Ao usar o AWS re:Post, você concorda com os AWS re:Post Termos de uso

Redshift Serverless Monitoring and Troubleshooting using System views

8 minuto de leitura
Nível de conteúdo: Intermediário
2

This article provides guidance on various system views and queries that can help you monitor and troubleshoot your queries on Redshift Serverless.

Introduction

This article introduces key system tables that facilitate monitoring active queries on your Amazon Redshift Serverless, checking query status, gathering execution metrics, troubleshooting queries, and implementing billing controls and best practices for Serverless. By leveraging these system tables, you can gain valuable insights into query execution behavior and cost management strategies for your Redshift Serverless environment.
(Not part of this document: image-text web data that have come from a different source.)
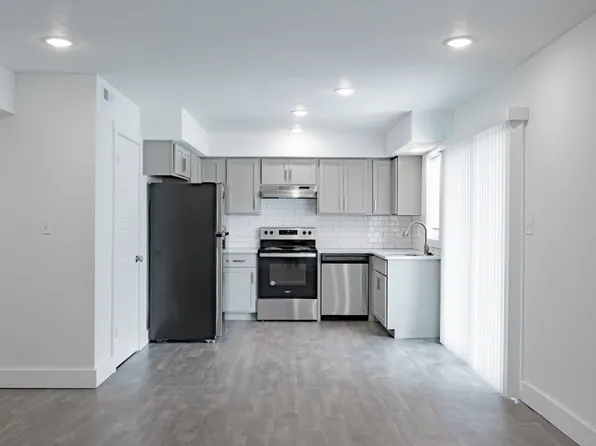 Montclair Point Condominiums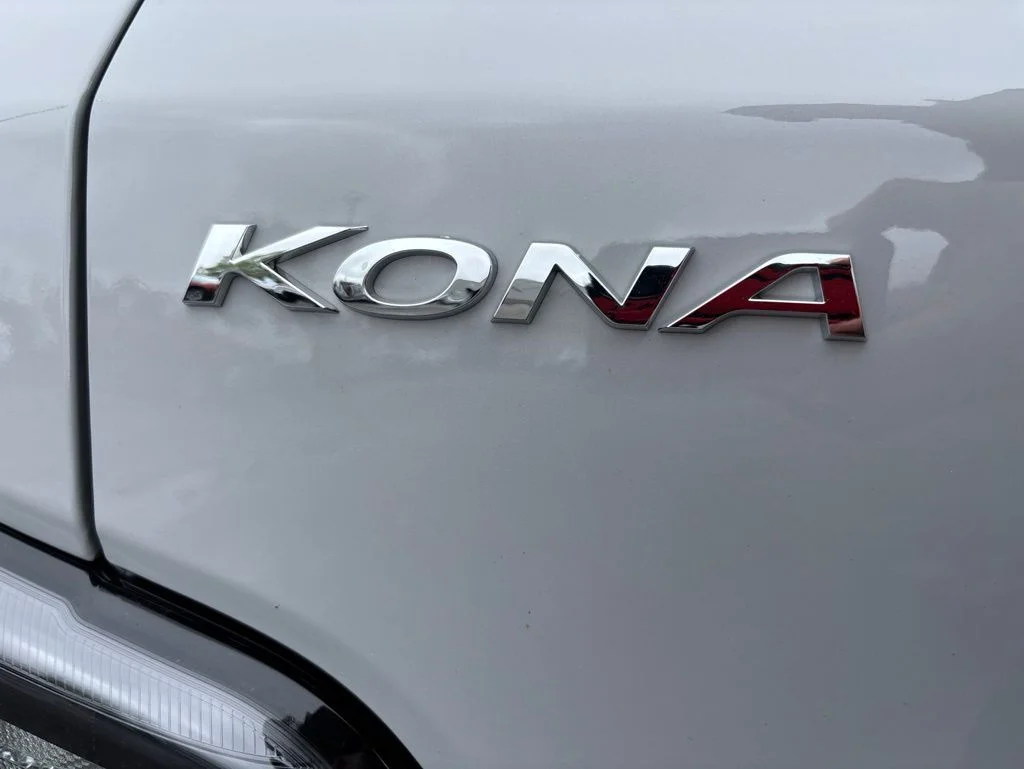 Used 2023 Silver Hyundai SEL image 24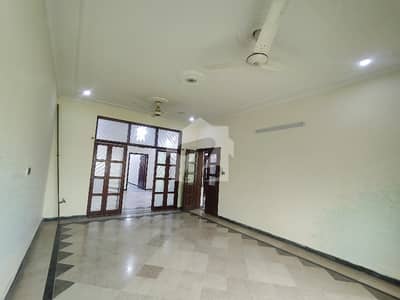 10 Marla Ground Portion available for Rent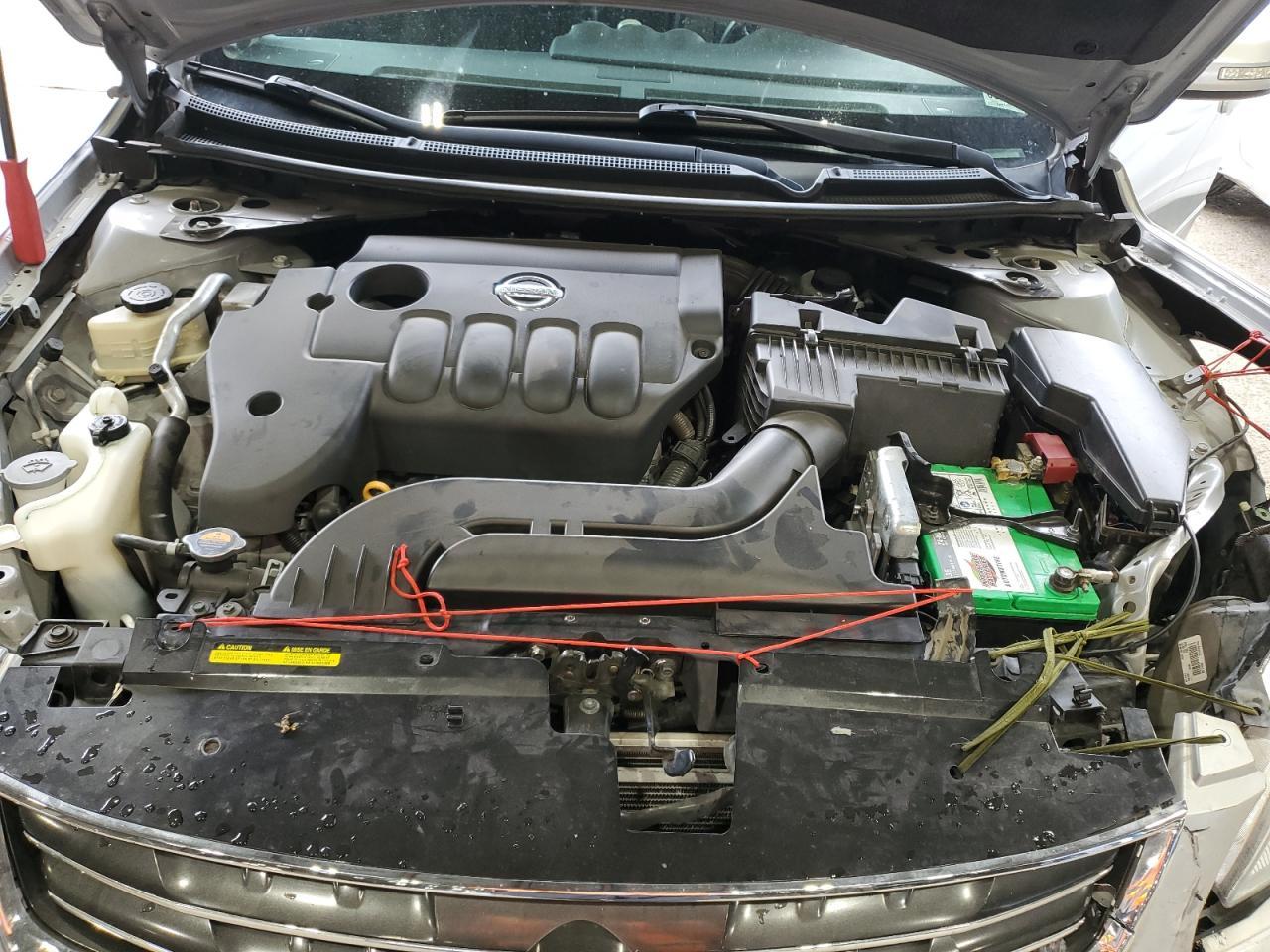 2010 NISSAN ALTIMA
Queries to use for monitoring on Redshift Serverless:

  1. Checking Current Running and Queued Queries:
SELECT * FROM sys_query_history WHERE status IN ('running','queued') ORDER BY start_time;

This query retrieves all currently running and queued queries from the sys_query_history view, ordered by their start time. It helps you identify long-running queries or queued queries that may be waiting for resources.

  1. Checking Current and Completed Queries:
SELECT * FROM sys_query_history ORDER BY start_time desc;

This query retrieves all queries, both current and completed, from the sys_query_history view, sorted in descending order by their start time. It provides a comprehensive view of all query activities, including their status, execution time, and other relevant details.

  1. Check query execution details of a query at step level to get all query execution metrics.
SELECT * FROM sys_query_detail WHERE query_id IN (<query_id>) ORDER BY query_id,child_query_sequence,stream_id,segment_id,step_id;

The SYS_QUERY_DETAIL view retrieves detailed information about a specific query or set of queries identified by their query_id. It provides insights into the query execution plan, including child queries, streams, segments, steps, tables and data scanned, skewed information.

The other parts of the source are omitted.